L’istituzione dell’Eucaristia
Chi ha voluto questo rito? Abbiamo già detto che lo ha istituito Gesù stesso, alla vigilia della sua passione. Ce lo tramandano quattro racconti: Mt 26,26-28, Mc 14, 22-24, Lc 22, 19-20 e San Paolo in 1 Cor 11,23-25. Leggendoli veniamo a conoscenza che Gesù, la vigilia della sua passione, mentre era a cena con i suoi discepoli ha cambiato il significato della cena pasquale ebraica.
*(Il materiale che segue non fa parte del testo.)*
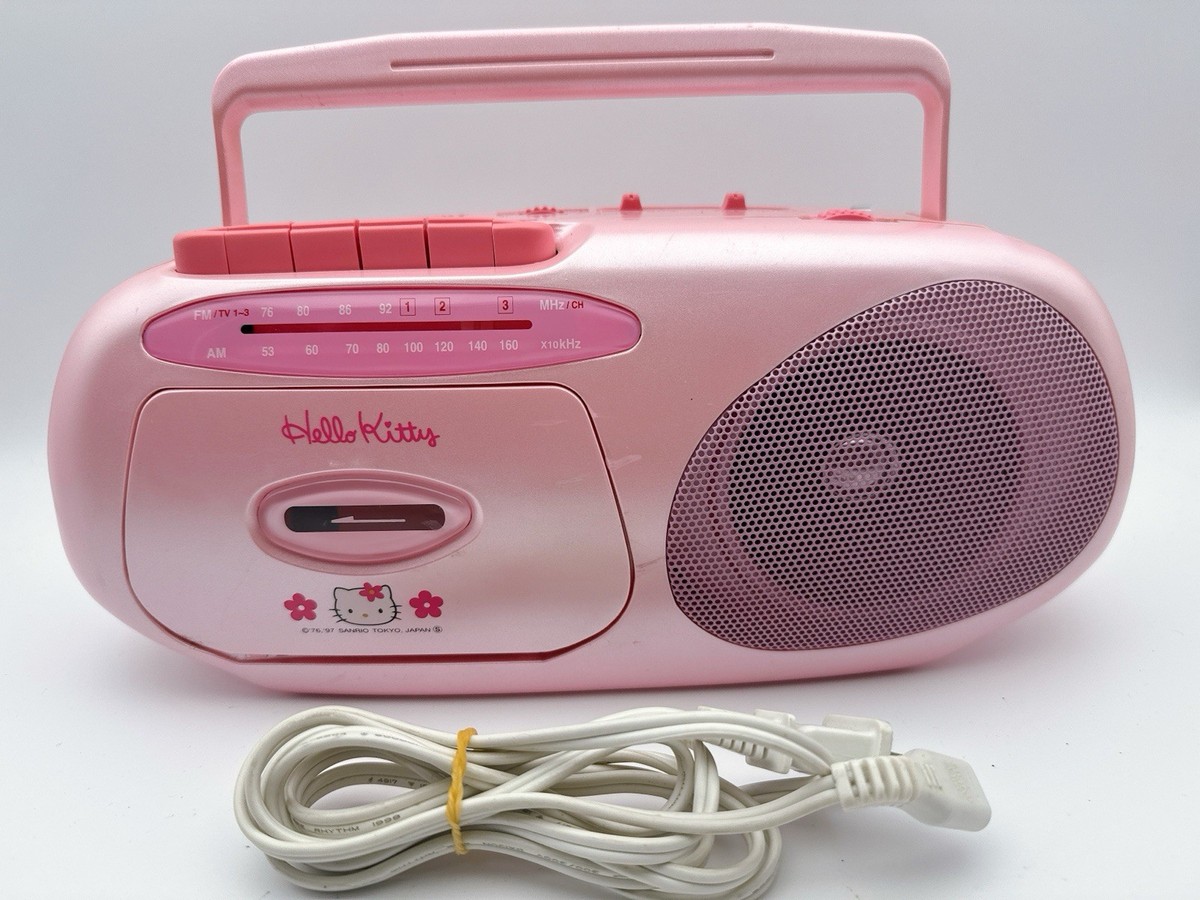 Sanrio Hello Kitty Pink AM/FM Radio Cassette Recorder RM-120KT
Gesù ha detto: «Prendete e mangiate: questo è il mio corpo… Prendete e bevete: questo è il mio sangue, il sangue dell’alleanza…», e poi ha aggiunto: «Fate questo in memoria di me». Che cosa ha inteso dire Gesù con le parole: «Fate questo»? Dobbiamo semplicemente ripetere i suoi gesti e le sue parole o dobbiamo fare quello che con quel gesto voleva significare?
Chiedendo di ripetere il suo gesto Gesù ci invita a imitarlo nel dono della vita per gli altri, nell’offrire senza riserve noi stessi: “Fate quello che ho fatto io”!, ci chiama a mettere in pratica quanto egli ci ha insegnato. Come ogni maestro non ha insegnato attraverso una lezione teorica, ci ha dato l’esempio. Questo è il senso dell’istituzione: instituere in latino non significa stabilire, decidere, fondare, ma insegnare. Gesù ha insegnato con l’esempio. Gesù fece e comandò agli apostoli di fare come aveva fatto lui.